BRIEF
With the pictures omitted, write out the entries that follow exactly as they stand.
##############################
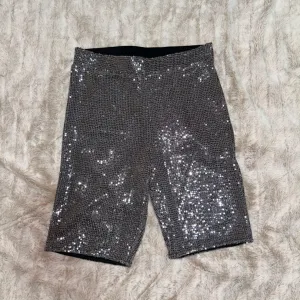 bershka sorts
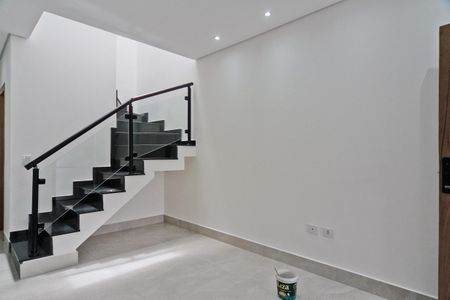 Sala de casa à venda com 3 quartos, 145m² em Parque Maria Domitila, São Paulo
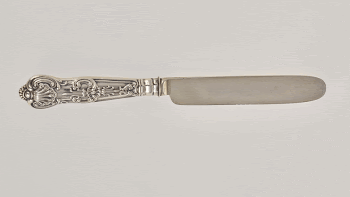 rounded knife blade; 4-pronged fork; | Free Photo - rawpixel
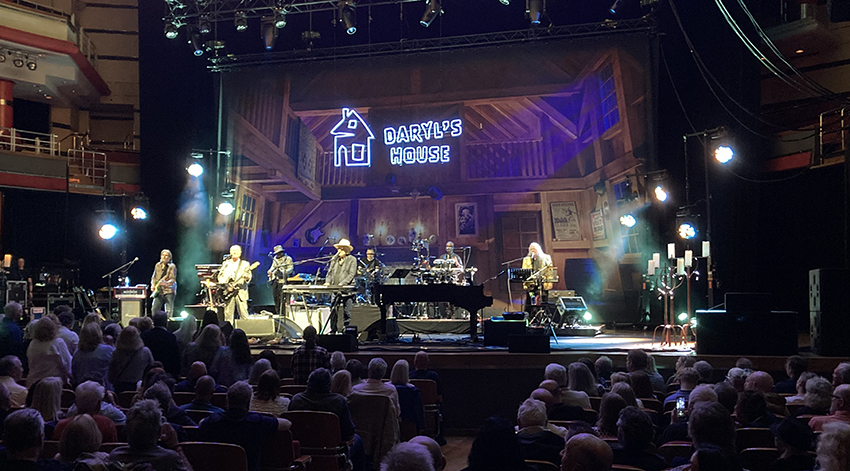 Review: Daryl Hall and Glenn Tilbrook at Symphony Hall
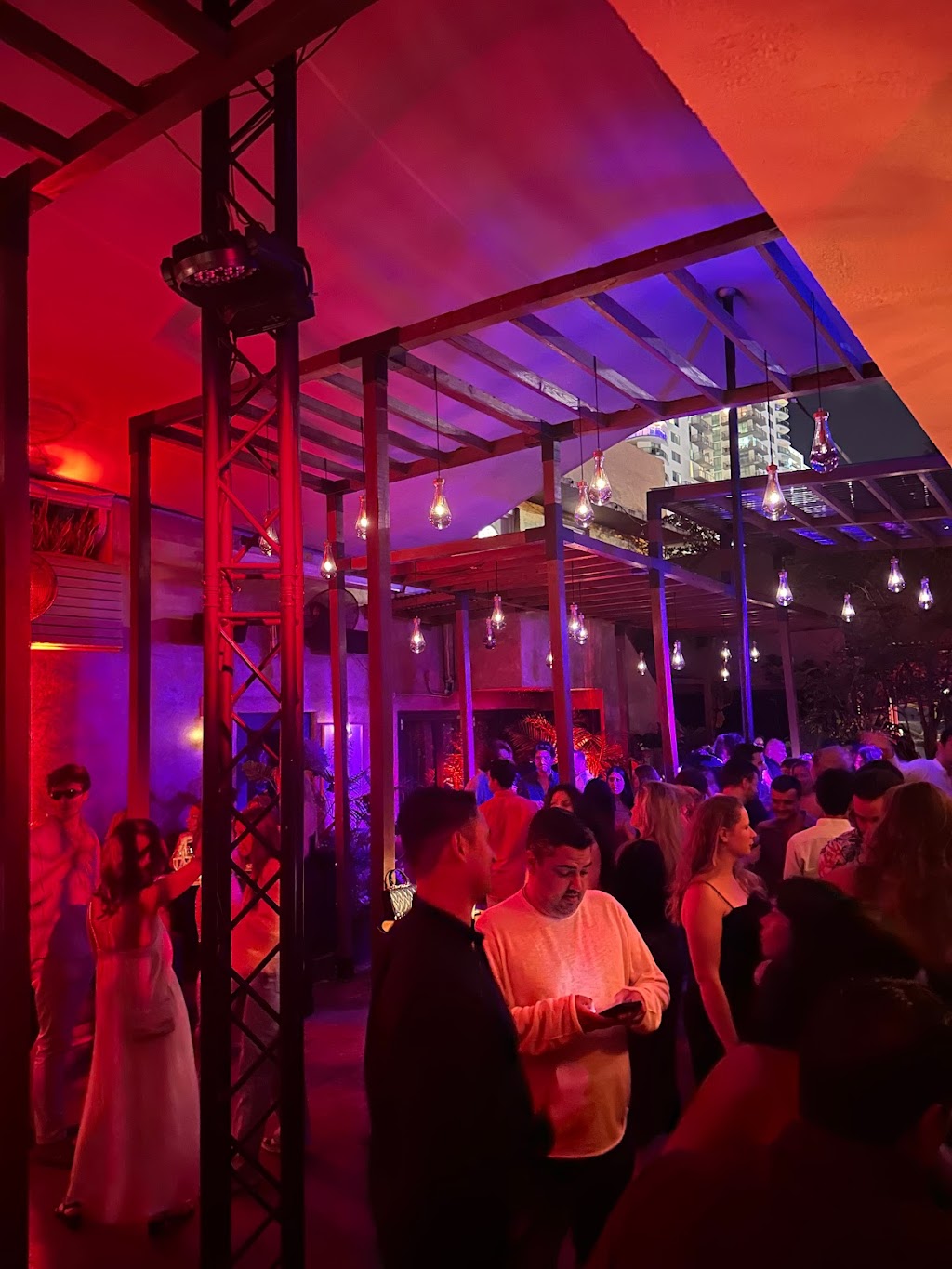 Paraiso Estereo | restaurant | 1306 N Miami Ave, Miami, FL 33136, USA | 7868091306 OR +1 786-809-1306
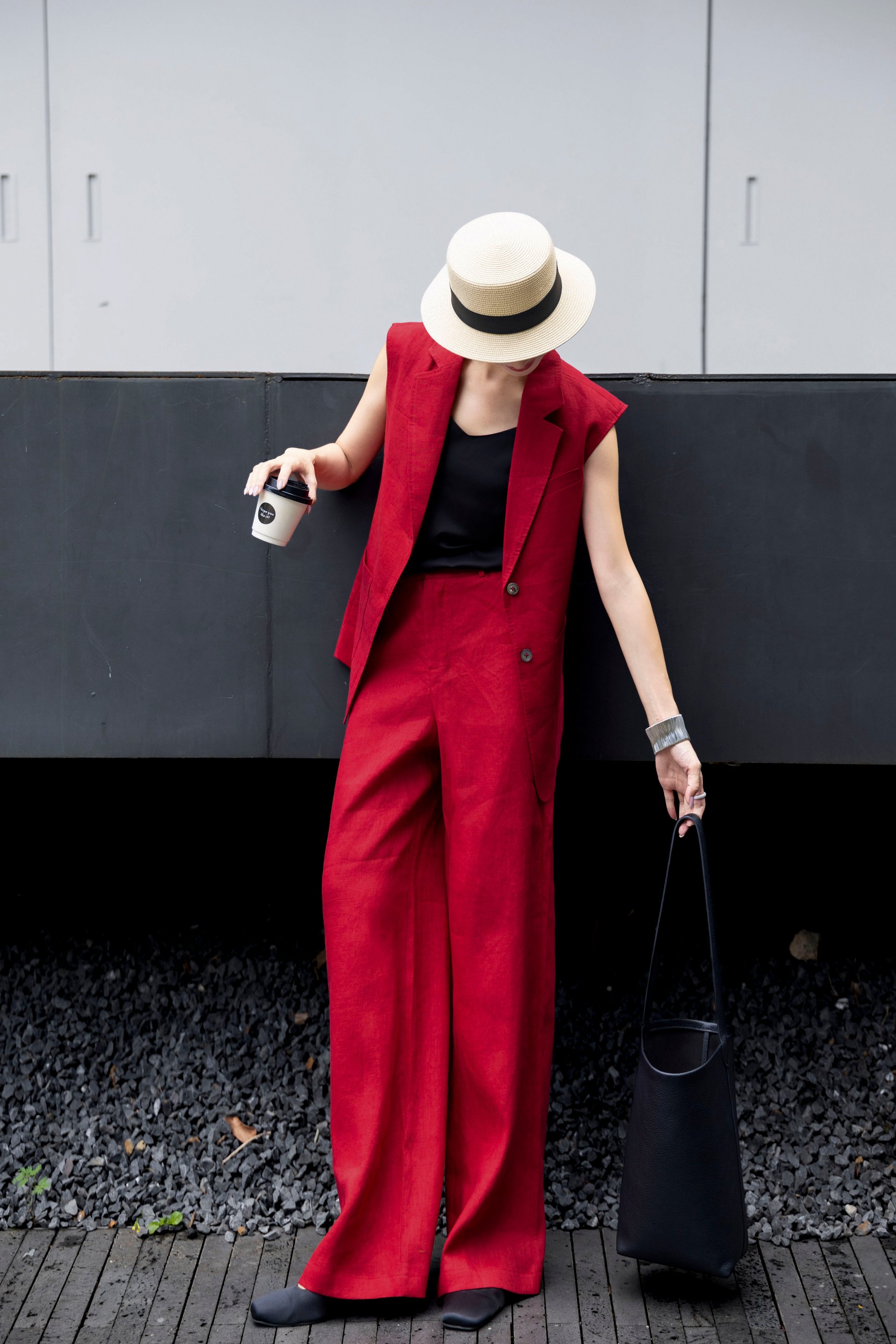 “High-end Quality Linen Suits with CD-ROMs: Natural, Eco-Friendly, and Stylish” - 图片 6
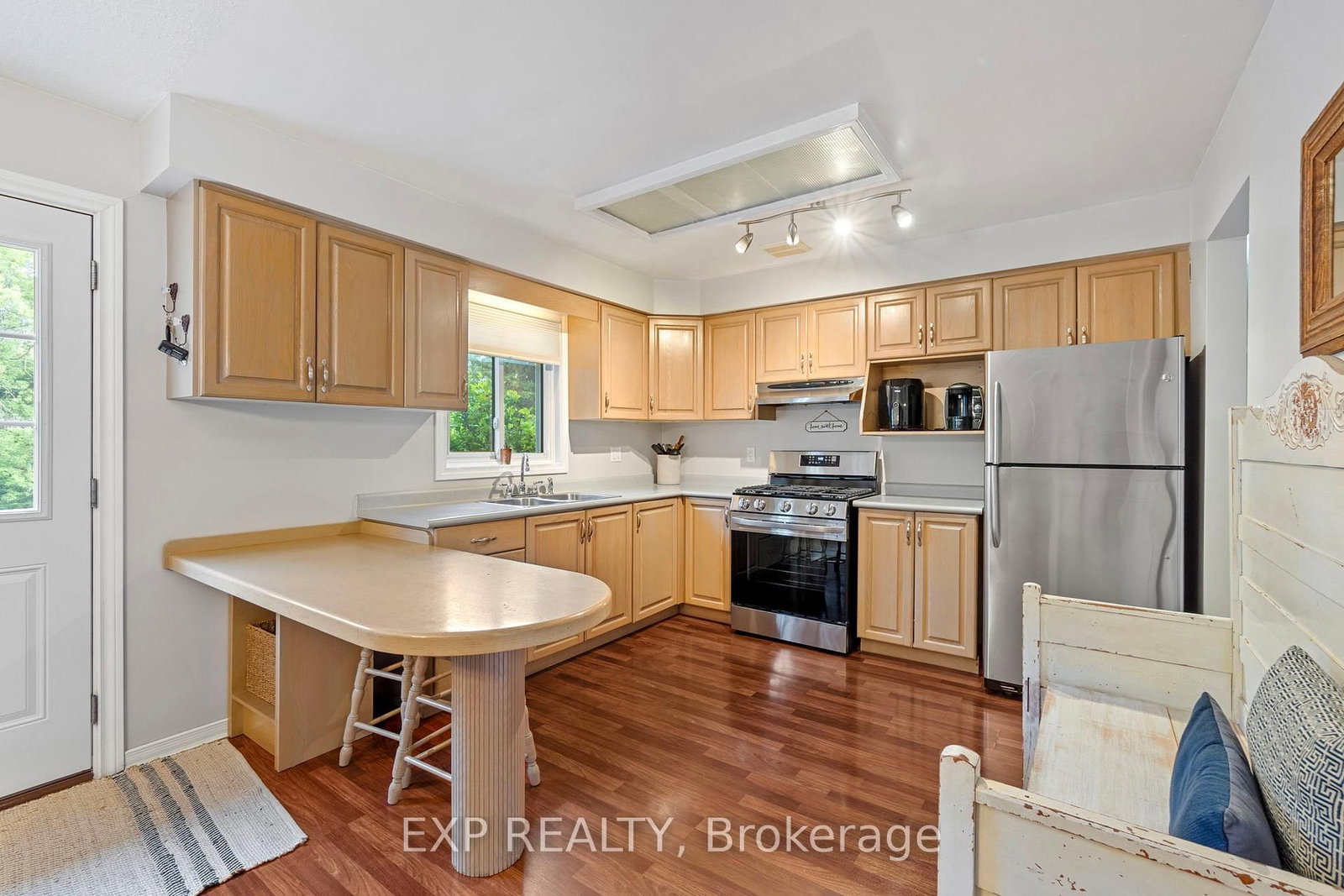 Listing Image 14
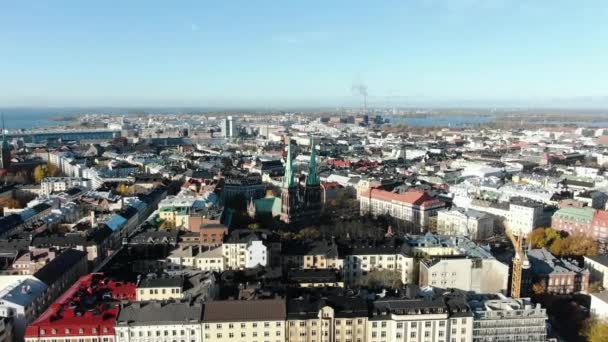 Iglesia de St. Johns en Helsinki, Helsinki vista aérea del paisaje urbano — Vídeos de Stock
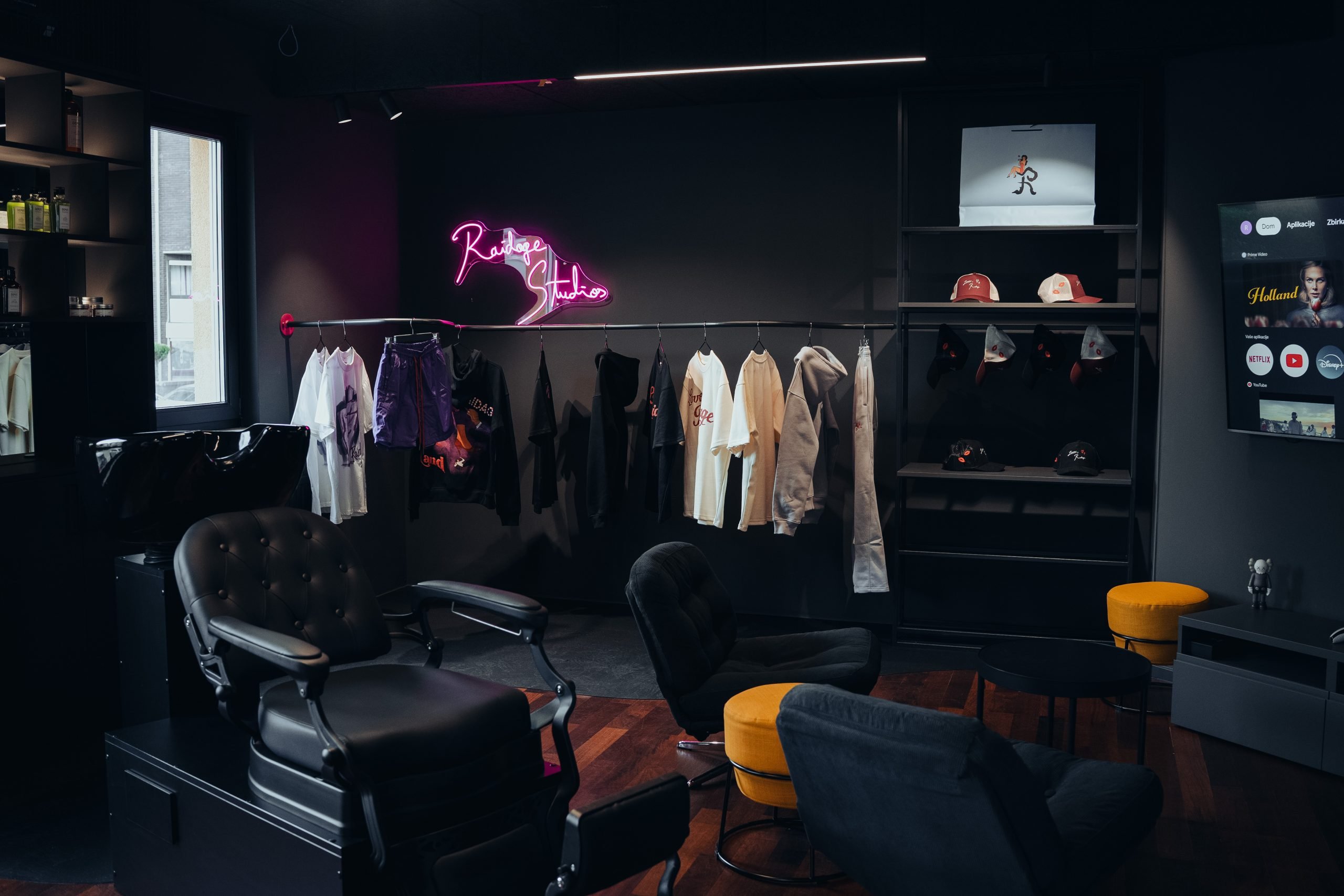 Reborn Barbershop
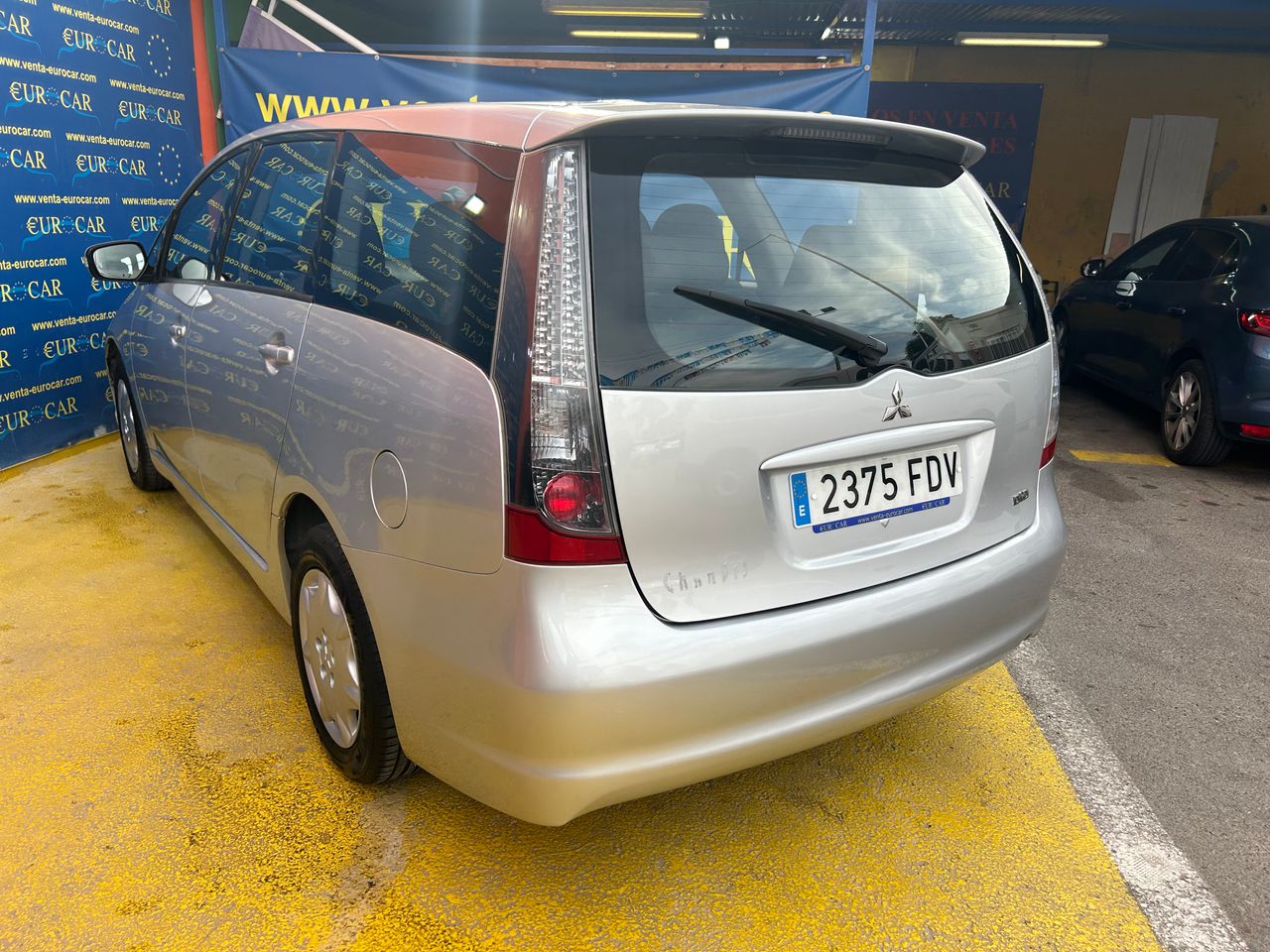 Mitsubishi Grandis 2.0 CRDI - foto 26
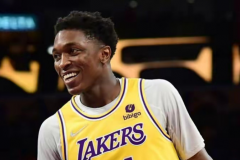 马刺一年合同签下斯坦利约翰逊 同时裁掉阿利兹-约翰逊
##############################
RESPONSE TO THE EXERCISE
 bershka sorts
 Sala de casa à venda com 3 quartos, 145m² em Parque Maria Domitila, São Paulo
 rounded knife blade; 4-pronged fork; | Free Photo - rawpixel
 Review: Daryl Hall and Glenn Tilbrook at Symphony Hall
 Paraiso Estereo | restaurant | 1306 N Miami Ave, Miami, FL 33136, USA | 7868091306 OR +1 786-809-1306
 “High-end Quality Linen Suits with CD-ROMs: Natural, Eco-Friendly, and Stylish” - 图片 6
 Listing Image 14
 Iglesia de St. Johns en Helsinki, Helsinki vista aérea del paisaje urbano — Vídeos de Stock
 Reborn Barbershop
 Mitsubishi Grandis 2.0 CRDI - foto 26
 马刺一年合同签下斯坦利约翰逊 同时裁掉阿利兹-约翰逊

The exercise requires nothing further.